Louisa May Alcott
(1832 – 1888)
Thursday Nov 11th
Ann & Catharine has cleaned the shed chamber
and sitting room chamber & I have been
putting draws & closets in order.
Mr Ames & self at Olivers to tea Mr &
Mrs Swain & Mrs Meader there
Commenced Susan an Angola yarn stocking
For Evelina, this was a productive day. Her servants, Ann Shinkwin and Catharine Murphy, cleaned the shed and the sitting room, while she herself reorganized “draws & closets”. She must have felt quite satisfied having put two key rooms in order. Come evening, she and her husband went next door to tea where they visited not only with the Oliver Ameses, but also with Ann and John Swain and Ann’s mother, Sarah Bliss Meader. Mrs. Meader was from Nantucket; she must have been visiting in the wake of the death of little John Swain.
For Louisa May Alcott, a 19th century author who should need no introduction, this was an important day. Some literary sources have it that Miss Alcott, using the name “Flora Fairfield,” published her first story, The Rival Painters: A Story of Rome, on this exact date, when the author was barely twenty years old. However, closer examination suggests that The Rival Painters first appeared back on May 8 in The Olive Branch, a periodical published in Boston from 1836 through 1857. A second story, easily confused with the first, was The Rival Prima Donnas, which was published on this date in 1854 in The Saturday Evening Gazette, earning the author five dollars.

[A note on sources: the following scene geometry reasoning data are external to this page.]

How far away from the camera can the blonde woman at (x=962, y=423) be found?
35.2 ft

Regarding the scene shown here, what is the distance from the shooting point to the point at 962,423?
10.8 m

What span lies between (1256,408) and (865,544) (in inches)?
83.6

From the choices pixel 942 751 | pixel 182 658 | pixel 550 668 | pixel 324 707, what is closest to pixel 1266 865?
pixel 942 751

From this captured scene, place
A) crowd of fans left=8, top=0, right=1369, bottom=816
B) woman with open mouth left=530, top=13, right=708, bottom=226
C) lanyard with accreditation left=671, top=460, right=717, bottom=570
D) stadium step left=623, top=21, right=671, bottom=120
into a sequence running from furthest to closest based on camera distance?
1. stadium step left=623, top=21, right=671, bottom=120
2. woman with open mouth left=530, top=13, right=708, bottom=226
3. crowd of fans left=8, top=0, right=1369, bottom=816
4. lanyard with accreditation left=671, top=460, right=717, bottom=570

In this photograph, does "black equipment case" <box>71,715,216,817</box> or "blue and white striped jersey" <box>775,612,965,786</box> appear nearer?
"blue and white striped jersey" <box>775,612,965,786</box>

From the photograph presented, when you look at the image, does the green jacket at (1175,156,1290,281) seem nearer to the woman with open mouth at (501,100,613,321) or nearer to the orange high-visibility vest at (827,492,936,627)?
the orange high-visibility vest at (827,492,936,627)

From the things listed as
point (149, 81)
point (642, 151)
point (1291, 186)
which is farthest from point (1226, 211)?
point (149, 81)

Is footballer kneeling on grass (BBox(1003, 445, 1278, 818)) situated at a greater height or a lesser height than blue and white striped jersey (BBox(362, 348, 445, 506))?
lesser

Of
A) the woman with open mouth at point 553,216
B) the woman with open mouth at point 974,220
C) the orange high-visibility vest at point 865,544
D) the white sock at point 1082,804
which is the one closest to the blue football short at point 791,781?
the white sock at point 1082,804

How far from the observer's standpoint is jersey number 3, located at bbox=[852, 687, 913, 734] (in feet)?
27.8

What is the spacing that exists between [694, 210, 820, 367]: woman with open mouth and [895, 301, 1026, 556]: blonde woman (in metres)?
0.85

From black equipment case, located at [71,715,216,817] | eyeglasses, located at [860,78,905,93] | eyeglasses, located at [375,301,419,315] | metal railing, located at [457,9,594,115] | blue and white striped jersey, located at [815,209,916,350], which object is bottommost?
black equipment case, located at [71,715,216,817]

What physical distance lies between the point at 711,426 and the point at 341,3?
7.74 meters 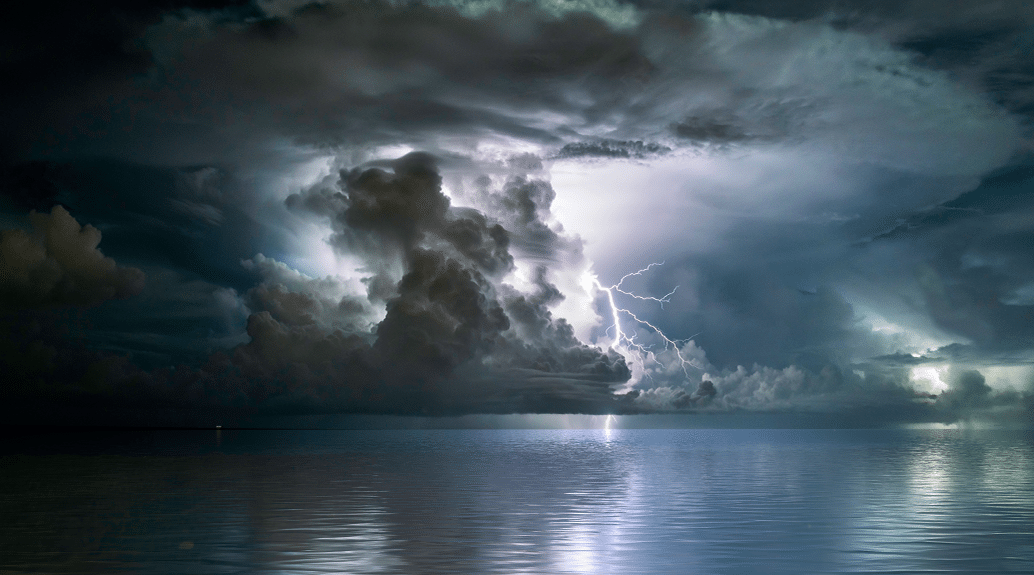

Regardless of the scholastic disagreement over the first appearance in print of Louisa May Alcott, we can imagine that Evelina was exposed to her writing at various times from this year onward. Surely Evelina read other short stories and novels by this increasingly famous author. If she developed an affection for the author’s work, Evelina would have read Little Women, Little Men, and Jo’s Boys and been as familiar with the triumphs and travails of the March family as devoted readers still are 160 years later.
*A fine resource for readers wanting to know more about Louisa May Alcott is “Louisa May Alcott: The Woman Behind Little Women,” by Harriet Reisen, New York, 2009.